Page 1 of 1

performance issue

Posted: Sat Jan 08, 2005 12:38 pm
by smoffa
We are extracting data via an odbc (Progress) connection directly to a txt file. The larger the target txt file gets, the slower the extaction gets. The job eventually aborts. Example: job starts off at 150 row/sec, slows to 66 rows/sec, then aborts. Additionally, it never aborts at the same place.

Why does the job slow down so much? And more importantly, why is the job aborting?

DataStage error is:

SQLSTATE=S1000, DBMS.CODE=-20211
[DataStage][SQL Client][ODBC][DataDirect][ODBC PROGRESS driver][PROGRESS]Server not reachable or possible RPC error

Is there some kind of timeout on the Source side or the DataStage side?

Thanks, Steve

Posted: Sun Jan 09, 2005 2:33 am
by roy
Hi,
there might be a time out, but stating the ODBC driver used and DB in question plus the platform hosting the DB and so on might help us all to point you in the right direction.

in addition I recommend you'll check the performance without the odbc.
just use a transformer with a dummy stage variable, constraint with @OUTROWNUM < number_of_rows_to_be_written and build a derivation to populate a big text file to see if you get the same performance degregation as the file grows.

(hmmm this is my 700 post :shock: )

IHTH,

Posted: Sun Jan 09, 2005 7:40 am
by ArndW
Hello smoffa,

I would put a transform stage in there with a constraint of FALSE or "1=2" so that no records are actually written; then run the job and see if the performance degradation is still there - at least you will remove one possible error source.

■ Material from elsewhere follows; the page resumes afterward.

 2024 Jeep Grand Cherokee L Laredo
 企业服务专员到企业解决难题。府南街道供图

Posted: Mon Jan 10, 2005 4:34 am
by Alexandre
150 row/sec is quite slow...
Have you checked the director to see if there are some warnings (too many columns or things like that...)
I had performance problem due to warning issued at each line, once the warning was removed, the performance took off...

Posted: Mon Jan 10, 2005 9:43 am
by datastage
also, tell us what the job is doing in terms of row buffering, and if row buffering is on whether it is In-process or Inter-process. Or at least run the job with different settings in regards to row buffering and see what settings help/hurt.

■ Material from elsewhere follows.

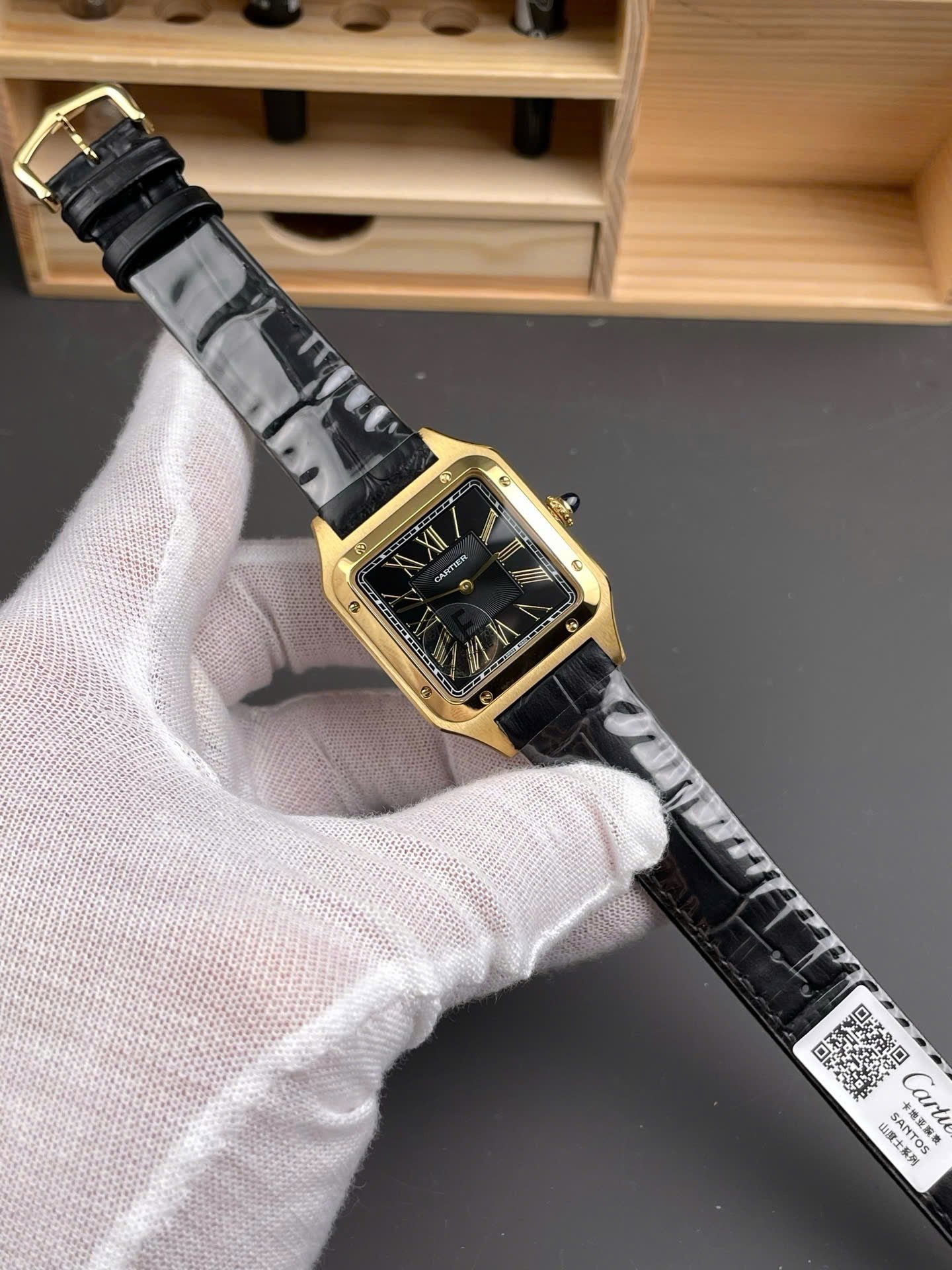 Cartier Santos-Dumont WGSA0077 Watch Men Leather Strap Black 43,5×31,4mm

Posted: Mon Jan 10, 2005 3:42 pm
by smoffa
Thanks for all the responses. Here's the answers to all of your questions:

The database that I am connecting to is PROGRESS SQL92 V9.1D
ODBC driver is DataDirect 4.1

I tried adding a transformer with a 1 = 2 constraint. The extract still progressively slowed down.

I did try in-process or Inter-process row buffering. Job started a little faster but still progressively slowed and eventually errored out.

I am thinking now that the problem is on the PROGRESS db side, but I have not been able to find out what is the cause yet.

Thanks again, Steve

Posted: Mon Jan 10, 2005 4:00 pm
by kcbland
If your Progress server is hosting DataStage as well, you could be getting into some resource contention. If they're separate hosts, then you're getting into some communications jam/timeout between machines.

When I've seen this problem before, the fix was in the ODBC connection manager and you have to adjust some of the switches. We saw a lot of connections have timeouts when the server was having trouble servicing connections under heavy loads. Sorry, it's been a few years and I can't remember it exactly.

Posted: Mon Jan 10, 2005 4:26 pm
by smoffa
Ken,

The DS server is in Orlando and the Progress db that we are extracting from is in Houston.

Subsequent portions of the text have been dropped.